There is one deduction on page 14 I don't seem to be able to understand. It has been established that the increment of the functional can be expressed as:
$$\Delta J = \int_a^b \left[F\left(x, y+h, y^\prime + h^\prime\right) - F\left(x, y, y^\prime\right)\right] dx$$
This is supposedly equal to:
$$\int_a^b \left[F_y\left(x, y, y^\prime\right) h + F_{y^\prime} \left(x, y, y^\prime\right) h^\prime\right] dx + \cdots$$
Here, the dots "denote terms of order higher than 1 relative to $h$ and $h^\prime$" and this is supposed to (easily) follow from Taylor's theorem, but I don't see how.
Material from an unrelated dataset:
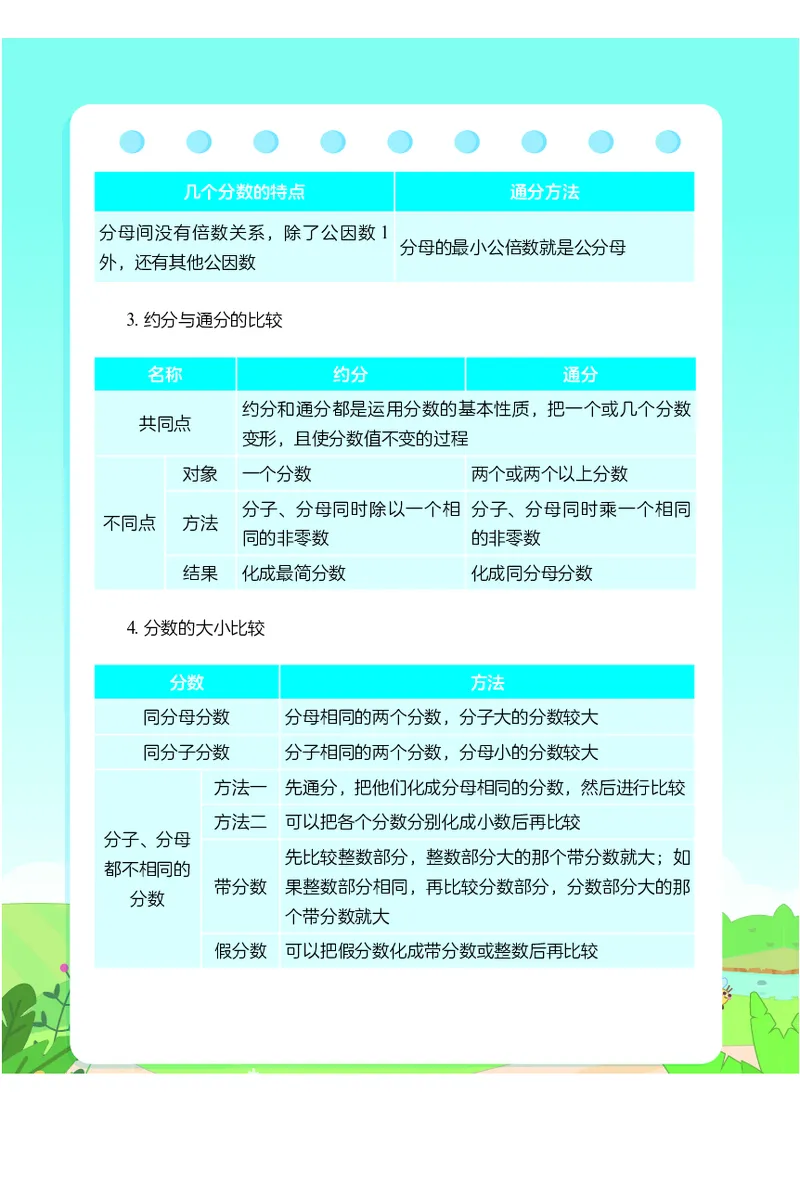 2.8《小学数学公式定理手册》_二年级上下册资料_小学二年级学习资料-25年更新版_2-04、小学二年级数学下册_2-4-1、复习、知识点、归纳汇总_通用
Can anyone explain this step to me?
Ah, misreading the text tripped me up. I edited in a missing prime, and with @jlammy's comment, everything makes sense now. We are evaluating $J[y] = \int_a^b F(x, y, y')\ dx$ at $J[y+h] = \int_a^b F(x, y+h, y'+h')\ dx$, and as far as the Taylor polynomial is concerned, we expand $T_1F$ around $(x,y,y')$. This gives:
\begin{align} T_1F &= F(x, y, y') \\ &\phantom{=} + \frac{\delta F}{\delta x}(x, y, y') (x-x) + \frac{\delta F}{\delta y}(x, y, y') (y+h-y) + \frac{\delta F}{\delta y'}(x, y, y') (y'+h'-y') \\ &= F(x, y, y') + \frac{\delta F}{\delta y}(x, y, y') h + \frac{\delta F}{\delta y'}(x, y, y') h' \end{align}
So $F(x, y+h, y'+h') = F(x, y, y') + \frac{\delta F}{\delta y}(x, y, y') h + \frac{\delta F}{\delta y'}(x, y, y') h' + \cdots$
Now,
\begin{align} \Delta J = J[y+h]-J[y] &= \int_a^b F(x, y+h, y'+h') - F(x, y, y')\ dx \\ &= \int_a^b F(x, y, y') + \frac{\delta F}{\delta y}(x, y, y') h + \frac{\delta F}{\delta y'}(x, y, y') h' - F(x, y, y') \ dx + \cdots \\ &= \int_a^b \frac{\delta F}{\delta y}(x, y, y') h + \frac{\delta F}{\delta y'}(x, y, y') h'\ dx + \cdots \end{align}